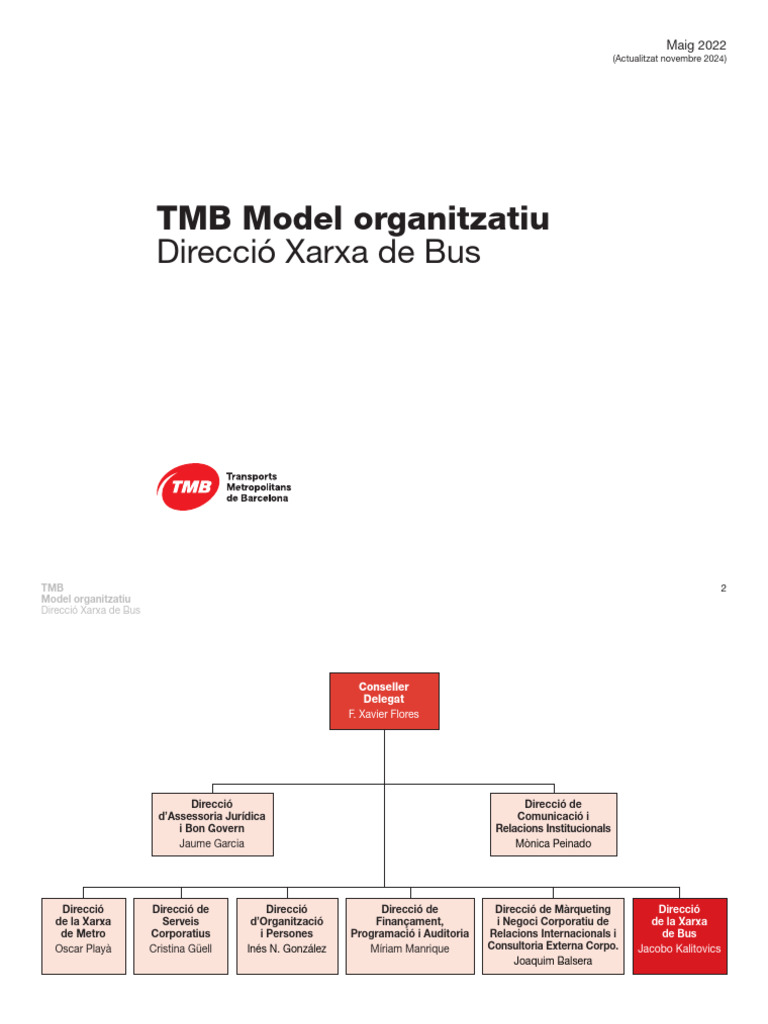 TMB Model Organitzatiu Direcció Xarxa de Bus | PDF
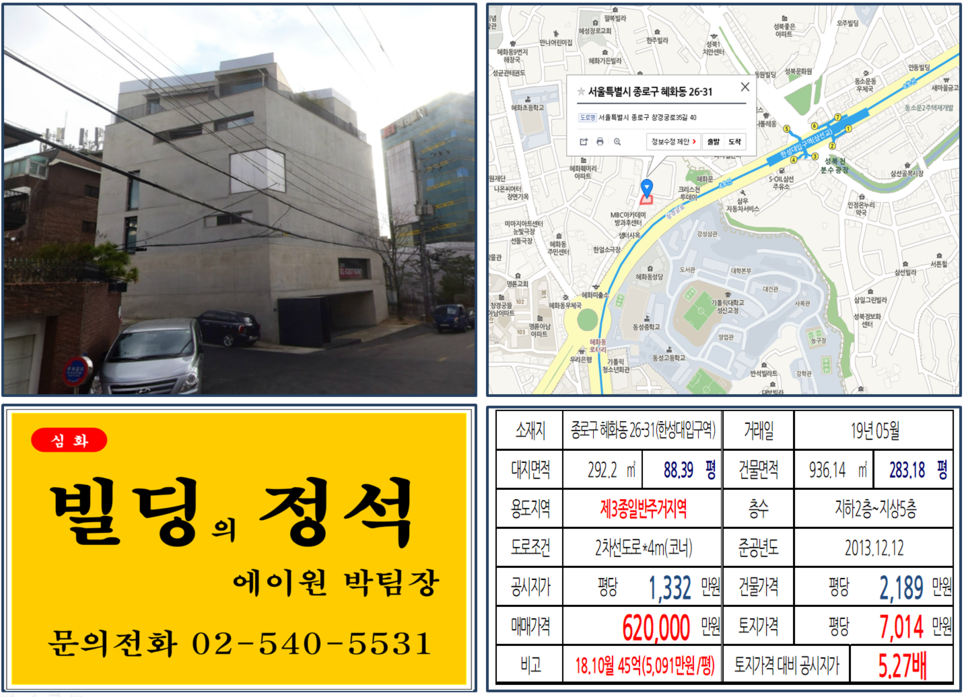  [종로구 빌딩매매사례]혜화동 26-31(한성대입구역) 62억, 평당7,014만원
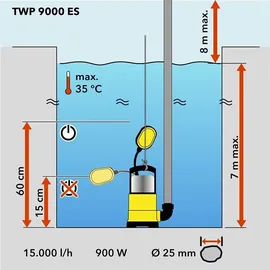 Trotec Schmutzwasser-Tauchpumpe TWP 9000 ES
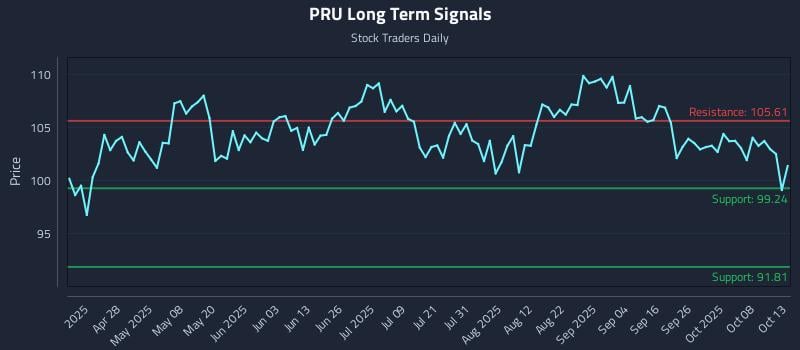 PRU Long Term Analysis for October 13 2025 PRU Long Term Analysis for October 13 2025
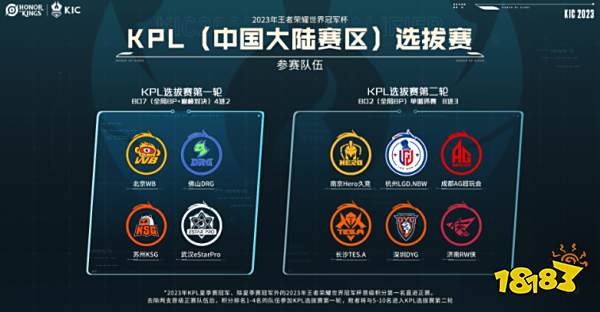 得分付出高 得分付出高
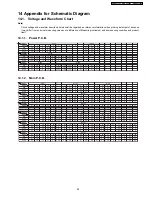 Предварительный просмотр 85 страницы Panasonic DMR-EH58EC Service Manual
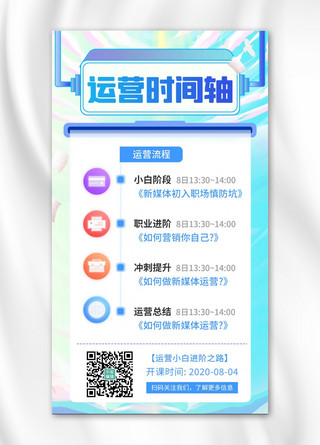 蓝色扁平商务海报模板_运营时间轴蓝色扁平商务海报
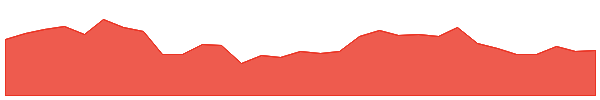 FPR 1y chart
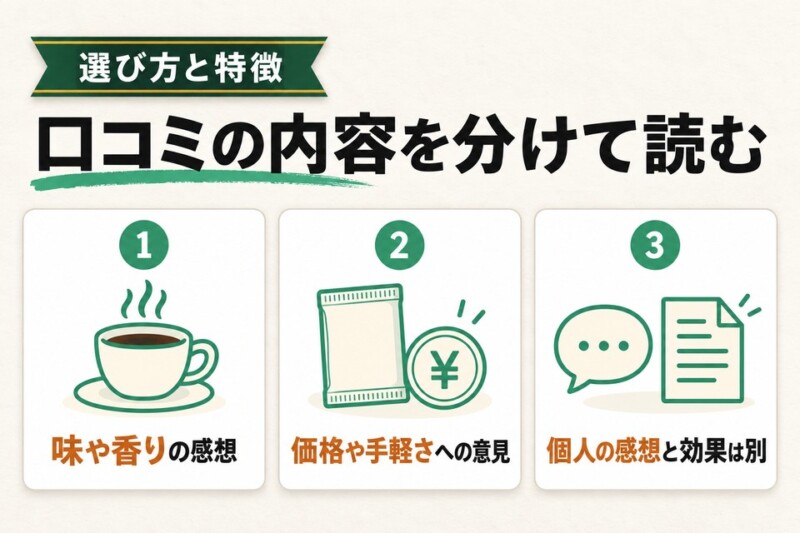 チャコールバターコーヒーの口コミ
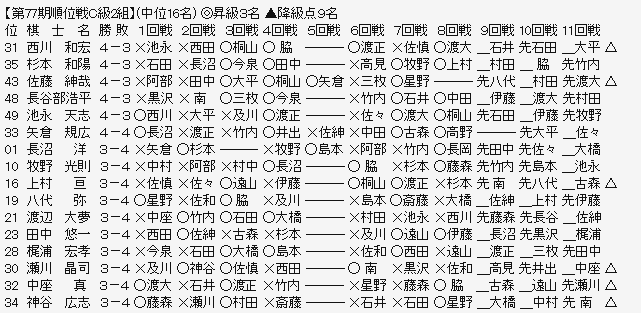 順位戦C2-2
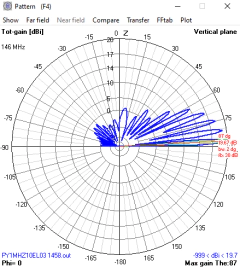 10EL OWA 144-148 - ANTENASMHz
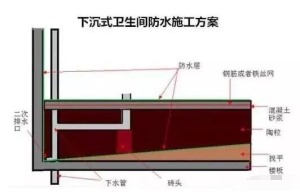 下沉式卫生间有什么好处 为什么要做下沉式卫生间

----------

Would you please copy the listing exactly, omitting every picture?

**OUTPUT OF THE TASK:**
 TMB Model Organitzatiu Direcció Xarxa de Bus | PDF
  [종로구 빌딩매매사례]혜화동 26-31(한성대입구역) 62억, 평당7,014만원
 Trotec Schmutzwasser-Tauchpumpe TWP 9000 ES
 PRU Long Term Analysis for October 13 2025 PRU Long Term Analysis for October 13 2025
 得分付出高 得分付出高
 Предварительный просмотр 85 страницы Panasonic DMR-EH58EC Service Manual
 蓝色扁平商务海报模板_运营时间轴蓝色扁平商务海报
 FPR 1y chart
 チャコールバターコーヒーの口コミ
 順位戦C2-2
 10EL OWA 144-148 - ANTENASMHz
 下沉式卫生间有什么好处 为什么要做下沉式卫生间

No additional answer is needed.